Cassandra IN clause on index

CatInABox picture CatInABox · May 26, 2014 · Viewed 11.5k times · Source

Assume a simple table with one insert (or without this insert, doesn't really matter).

CREATE TABLE test (
 x int,
 y int,
 z int,
 PRIMARY KEY (x, y, z)
);


create index z_index on test (z);

insert into test(x, y, z) values (1,2,3);

I struggle to understand why I cannot query with an in clause on the index z:

cqlsh:test> select * from test where z in (3);
Bad Request: PRIMARY KEY part z cannot be restricted (preceding part y is either not restricted or by a non-EQ relation)

It is possible with a simple equals predicate:

cqlsh:test> select * from test where z = 3;

 x | y | z
---+---+---
 1 | 2 | 3

(0 rows)

I thought having an index on z would keep a mapping from specific values of z to rows but this assumption seems wrong.

Why this doesn't work the way I expected? I guess the index works differently.

EDIT: I am using [cqlsh 4.1.1 | Cassandra 2.0.6 | CQL spec 3.1.1 | Thrift protocol 19.39.0]

Answer

Aaron picture Aaron · May 29, 2014

While the documentation on DataStax is normally really good, I couldn't find anything discussing the details behind this. I did however, run across this article called A deep look at the CQL WHERE clause. The second section titled "WHERE clause restrictions for SELECT statements" has several paragraphs discussing the IN restriction.

To paraphrase, it basically says this:

For single column keys, the IN operator is allowed without restriction. For composite primary keys, I have to use the = operator on the first N-1 columns of the partition key in order to use the IN operator on the last column.

In your case, x is your partition key, which means that x is the only column that will support the IN operator of CQL. If you really do need to be able to support IN queries on column z, then you would have to de-normalize your data, and build a (redundant) table designed to support that query. For instance:

CREATE TABLE test (
 x int,
 y int,
 z int,
 PRIMARY KEY (z)
);

...would support the query, but the values of z may not be unique. In that case, you could define x and/or y as a LIST<int> and that would do it.

Also, DataStax does have documentation available on when not to use an index, and they state that the same conditions apply to the use of the IN operator.

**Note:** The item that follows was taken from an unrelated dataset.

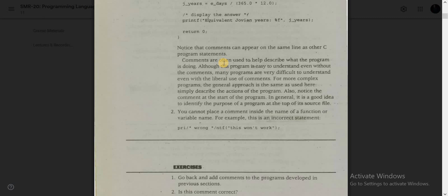What is the usage of commenting in C programming? Comment use is basically for the user's perspective — it is totally for the user's perspective. It is a good idea to identify the purpose of a program at the top of its source file. So the total concept of commenting is a user perspective.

Under most conditions, using IN in the WHERE clause is not recommended. Using IN can degrade performance because usually many nodes must be queried. For example, in a single, local data center cluster with 30 nodes, a replication factor of 3, and a consistency level of LOCAL_QUORUM, a single key query goes out to two nodes, but if the query uses the IN condition, the number of nodes being queried are most likely even higher, up to 20 nodes depending on where the keys fall in the token range.